- [Extracted data]:
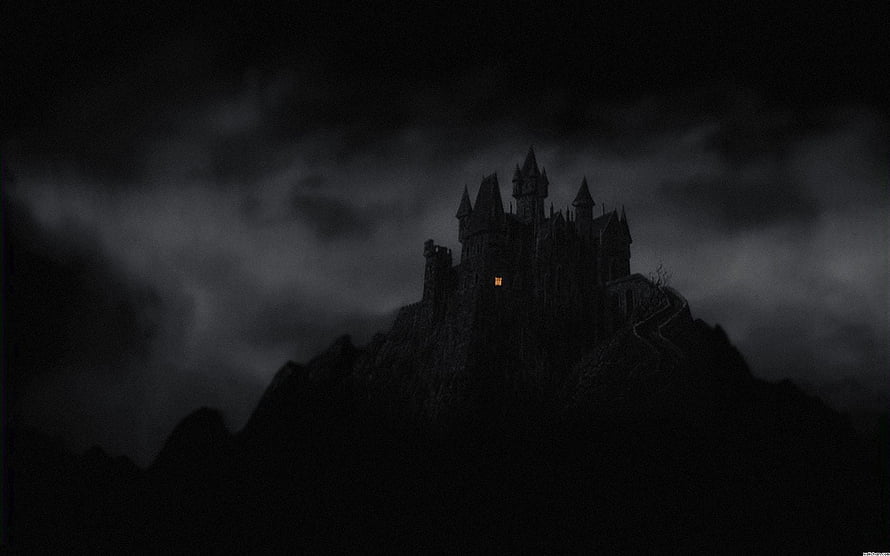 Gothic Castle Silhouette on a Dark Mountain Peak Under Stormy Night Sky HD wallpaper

* * *

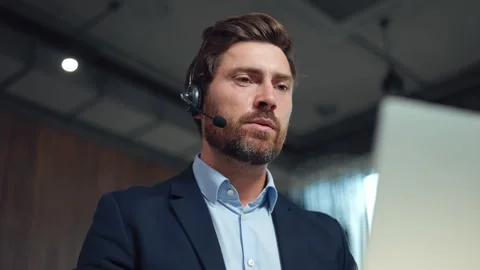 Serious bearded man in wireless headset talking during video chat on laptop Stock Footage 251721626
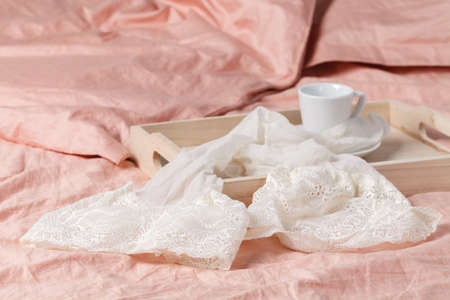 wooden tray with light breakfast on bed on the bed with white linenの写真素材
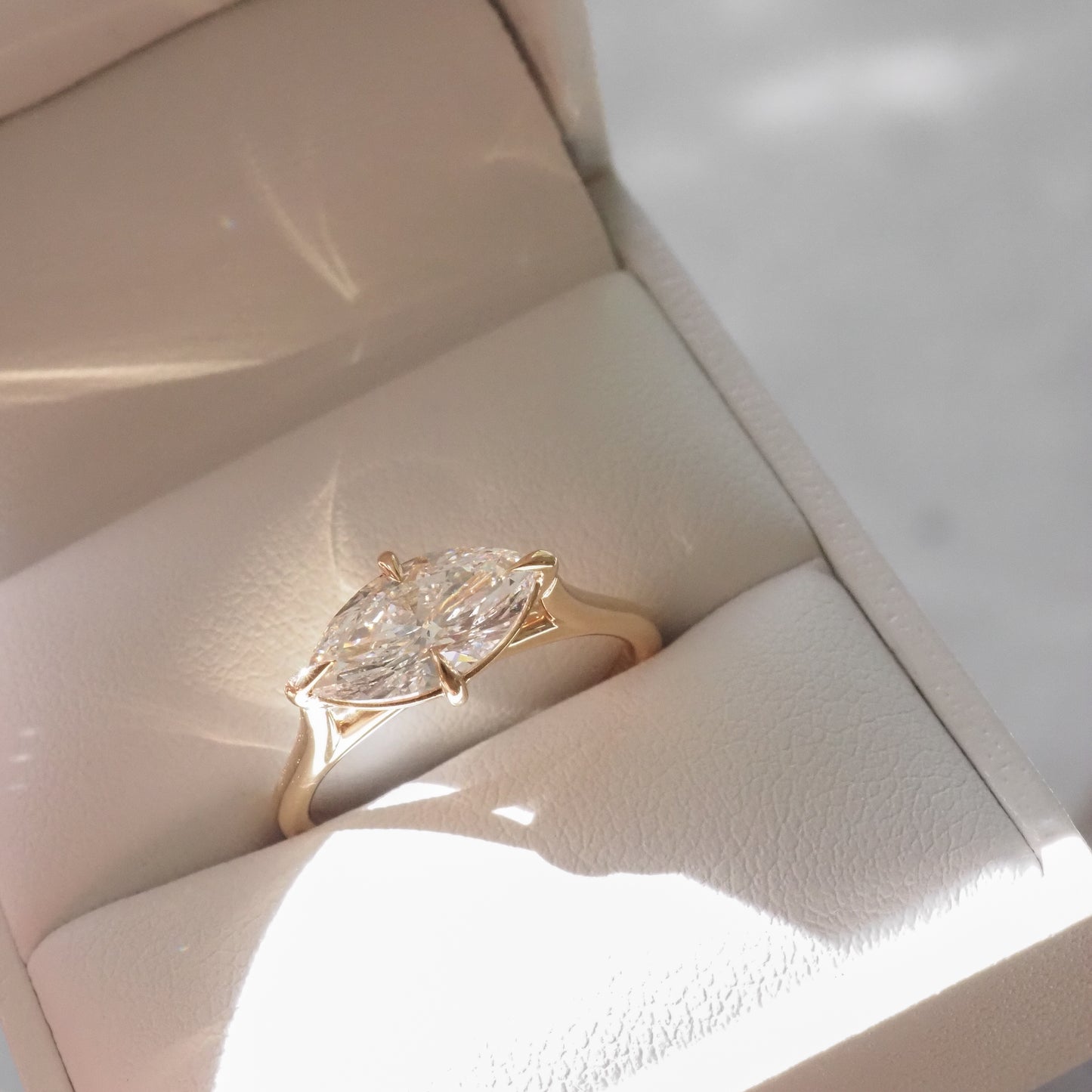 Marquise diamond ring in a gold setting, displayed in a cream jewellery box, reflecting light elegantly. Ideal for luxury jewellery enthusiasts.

* * *

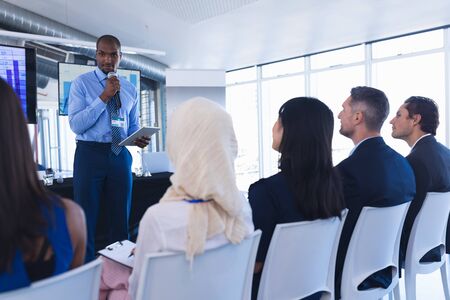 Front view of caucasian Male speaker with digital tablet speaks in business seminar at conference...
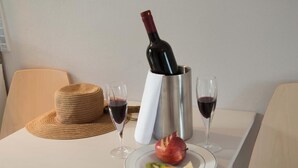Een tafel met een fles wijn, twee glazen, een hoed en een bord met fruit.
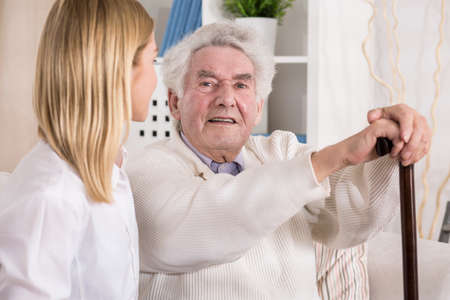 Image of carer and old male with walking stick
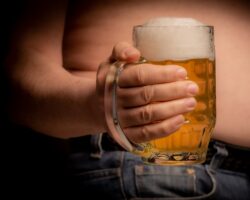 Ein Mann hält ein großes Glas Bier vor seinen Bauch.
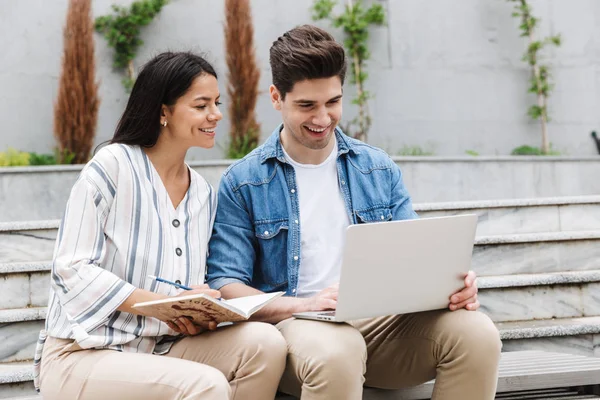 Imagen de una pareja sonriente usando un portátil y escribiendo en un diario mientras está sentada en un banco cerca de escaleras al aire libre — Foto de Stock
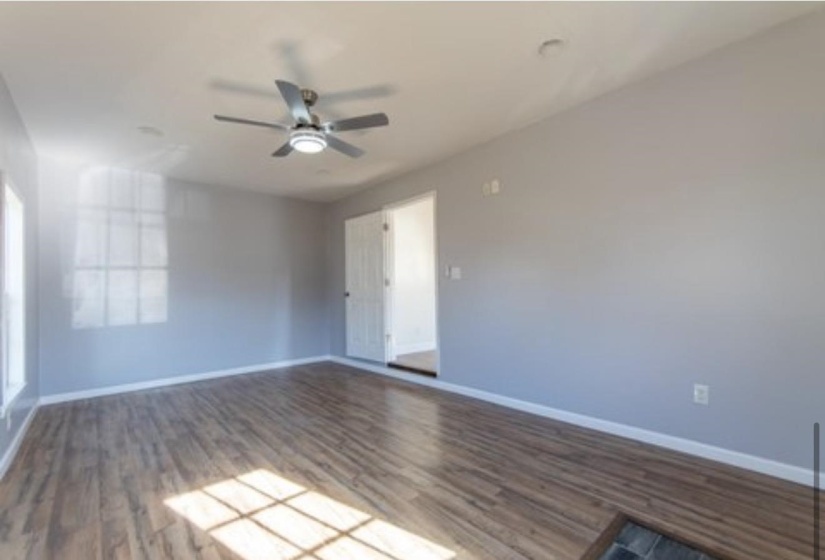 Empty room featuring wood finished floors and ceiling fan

- [Exercise]:
Reproduce the data above exactly, but only from the line containing "Image of carer" through the line containing "Empty room featuring"; skip the pictures.

- [Finished task]:
 Image of carer and old male with walking stick
 Ein Mann hält ein großes Glas Bier vor seinen Bauch.
 Imagen de una pareja sonriente usando un portátil y escribiendo en un diario mientras está sentada en un banco cerca de escaleras al aire libre — Foto de Stock
 Empty room featuring wood finished floors and ceiling fan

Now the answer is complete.